(YOUR TASK): With every picture left out, restate the listing below exactly as written.

(SOURCE MATERIAL):

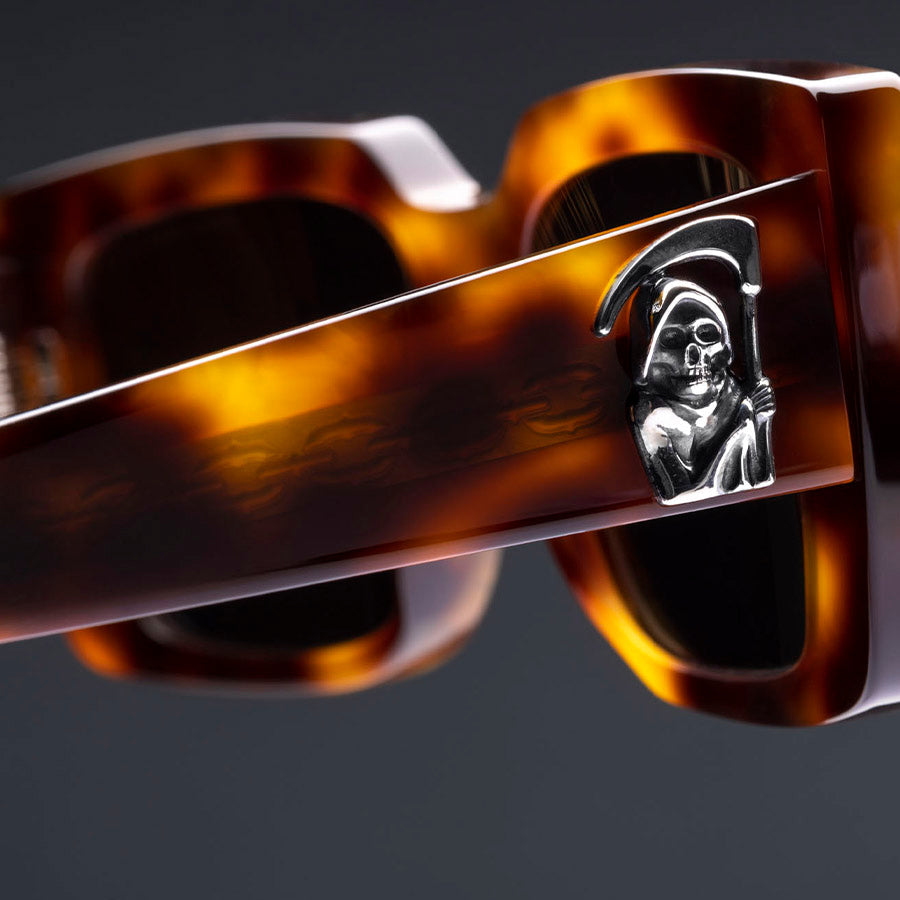 Cutler and Gross® The Great Frog Reaper CG TGF Reaper SUN Tiger Eye Havana 53 - Tiger Eye Havana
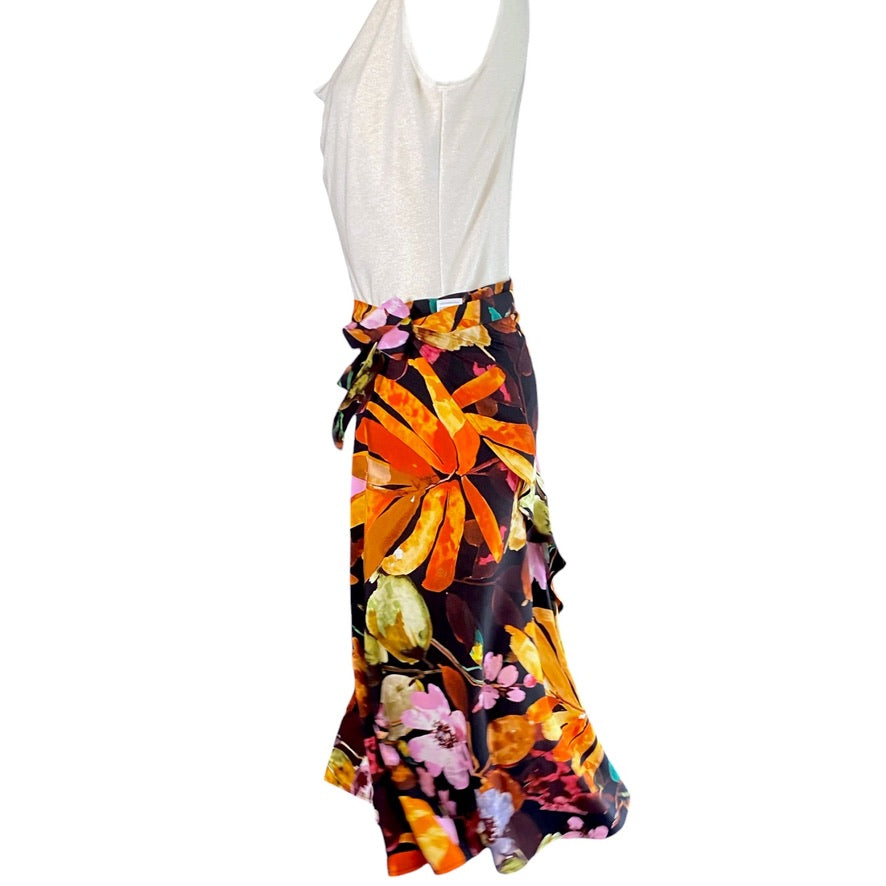 Tango skirt, wrap skirt, dance skirt - a unique piece in sizes XS / S / M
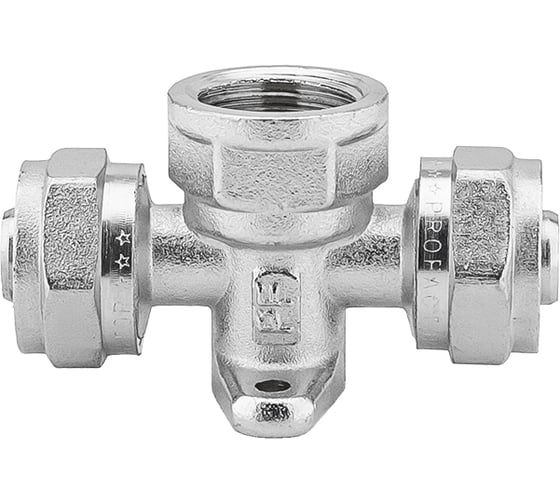 Тройник с креплением прямой обжимной PROFACTOR ц/в/ц 16х1/2"х16 PF PF 498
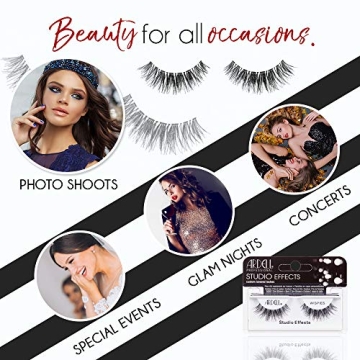 Ardell Studio Effects Wispies Black 4 Pack for Glam Looks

(SOLUTION TO THE EXERCISE):
 Cutler and Gross® The Great Frog Reaper CG TGF Reaper SUN Tiger Eye Havana 53 - Tiger Eye Havana
 Tango skirt, wrap skirt, dance skirt - a unique piece in sizes XS / S / M
 Тройник с креплением прямой обжимной PROFACTOR ц/в/ц 16х1/2"х16 PF PF 498
 Ardell Studio Effects Wispies Black 4 Pack for Glam Looks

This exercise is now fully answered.